Pas de miracle
Cette annonce est évidemment un coup de massue, mettant fin ainsi à presque 50 ans d’aventure technologique française en F1. Car, ne l’oublions pas, le défi de Renault, quand ils débarquèrent en F1 au cours de la saison 1977, était un grand défi technologique tricolore, dans la lignée de l’offensive Matra ou du Concorde : le projet du moteur turbo porté par le losange était soutenu par le pétrolier Elf, qui voyait dans la F1 une formidable vitrine de ses technologies de carburant, et accompagné par le manufacturier de pneus Michelin qui imposa sa technologie de carcasse radiale.
Cet arrêt est un coup de massue aussi pour les ingénieurs actuels, qui voient leur travail sur le moteur 2026 partir à la poubelle, alors que les premiers résultats semblaient très positifs.

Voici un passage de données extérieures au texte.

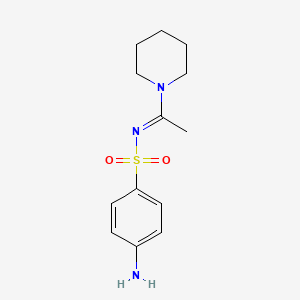 molecular formula C13H19N3O2S B12729996 1-(1-(((4-Aminophenyl)sulfonyl)imino)ethyl)piperidine CAS No. 126826-67-3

Le CSE d’Alpine avait visiblement proposé à Renault un plan de compromis, qui prévoyait de donner une chance au moteur de Viry en 2026 pour la première saison de la nouvelle règlementation moteur F1, puis, en cas d’échec, de basculer vers Mercedes.
En l'epsace de trois ans, nous voyons donc la disparition de Renault Sport puis l'arrêt du programme moteur de Renault. Beaucoup, beaucoup trop...
Realpolitik
On a déjà beaucoup dit sur cet arrêt du programme. Le moteur Renault hybride a souffert depuis le début de la réglementation en 2014 - d'abord en fiabilité, puis en puissance - mais il semble être un bouc-émissaire idéal alors que les maux venaient également de la base châssis britannique à Enstone, pour expliquer les résultats calamiteux d’Alpine F1. Les relations compliquées entre Enstone et Viry étaient de notoriété publique, Alpine conservant cette particularité d'un pole châssis et moteurs séparés sur deux pays. Cela avait pourtant fonctionné au début du XXIème siècle.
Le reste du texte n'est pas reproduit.